▶ **HOW TO COMPLETE THIS TASK**
Starting at the line with "[metal:white-gold] Caspian Black" and going on through the line with "Raro - Por The", reproduce each line in the records below exactly and nothing more.

[Short web captions]
Segment Open

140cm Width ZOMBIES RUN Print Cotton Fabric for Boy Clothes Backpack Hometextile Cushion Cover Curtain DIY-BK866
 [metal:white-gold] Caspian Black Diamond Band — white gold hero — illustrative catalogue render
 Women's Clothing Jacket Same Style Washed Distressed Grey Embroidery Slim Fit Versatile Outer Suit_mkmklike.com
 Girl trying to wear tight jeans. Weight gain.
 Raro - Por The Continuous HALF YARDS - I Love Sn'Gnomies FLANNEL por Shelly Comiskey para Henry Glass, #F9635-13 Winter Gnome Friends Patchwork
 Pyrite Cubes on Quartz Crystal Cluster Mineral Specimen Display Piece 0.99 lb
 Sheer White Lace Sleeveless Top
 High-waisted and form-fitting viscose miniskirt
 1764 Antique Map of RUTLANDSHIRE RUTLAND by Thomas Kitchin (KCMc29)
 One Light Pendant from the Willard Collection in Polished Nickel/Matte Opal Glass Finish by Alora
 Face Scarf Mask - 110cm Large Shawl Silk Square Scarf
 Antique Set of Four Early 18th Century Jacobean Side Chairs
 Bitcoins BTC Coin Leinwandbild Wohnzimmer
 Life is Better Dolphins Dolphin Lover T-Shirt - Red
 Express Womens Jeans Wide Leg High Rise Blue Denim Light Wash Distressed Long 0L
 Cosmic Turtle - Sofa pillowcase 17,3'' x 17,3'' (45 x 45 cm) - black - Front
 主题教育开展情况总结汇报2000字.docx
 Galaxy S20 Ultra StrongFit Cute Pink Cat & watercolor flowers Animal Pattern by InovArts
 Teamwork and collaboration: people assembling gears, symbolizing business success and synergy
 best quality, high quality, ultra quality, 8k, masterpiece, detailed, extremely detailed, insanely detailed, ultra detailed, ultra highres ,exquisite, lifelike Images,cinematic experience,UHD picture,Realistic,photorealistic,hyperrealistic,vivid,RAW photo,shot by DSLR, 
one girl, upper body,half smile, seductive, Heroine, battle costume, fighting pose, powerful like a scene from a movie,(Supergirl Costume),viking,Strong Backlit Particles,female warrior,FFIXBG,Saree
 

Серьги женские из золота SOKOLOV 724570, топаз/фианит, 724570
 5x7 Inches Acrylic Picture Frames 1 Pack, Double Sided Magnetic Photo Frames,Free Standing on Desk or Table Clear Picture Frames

Segment Closed

▶ **SOLUTION BELOW**
 [metal:white-gold] Caspian Black Diamond Band — white gold hero — illustrative catalogue render
 Women's Clothing Jacket Same Style Washed Distressed Grey Embroidery Slim Fit Versatile Outer Suit_mkmklike.com
 Girl trying to wear tight jeans. Weight gain.
 Raro - Por The Continuous HALF YARDS - I Love Sn'Gnomies FLANNEL por Shelly Comiskey para Henry Glass, #F9635-13 Winter Gnome Friends Patchwork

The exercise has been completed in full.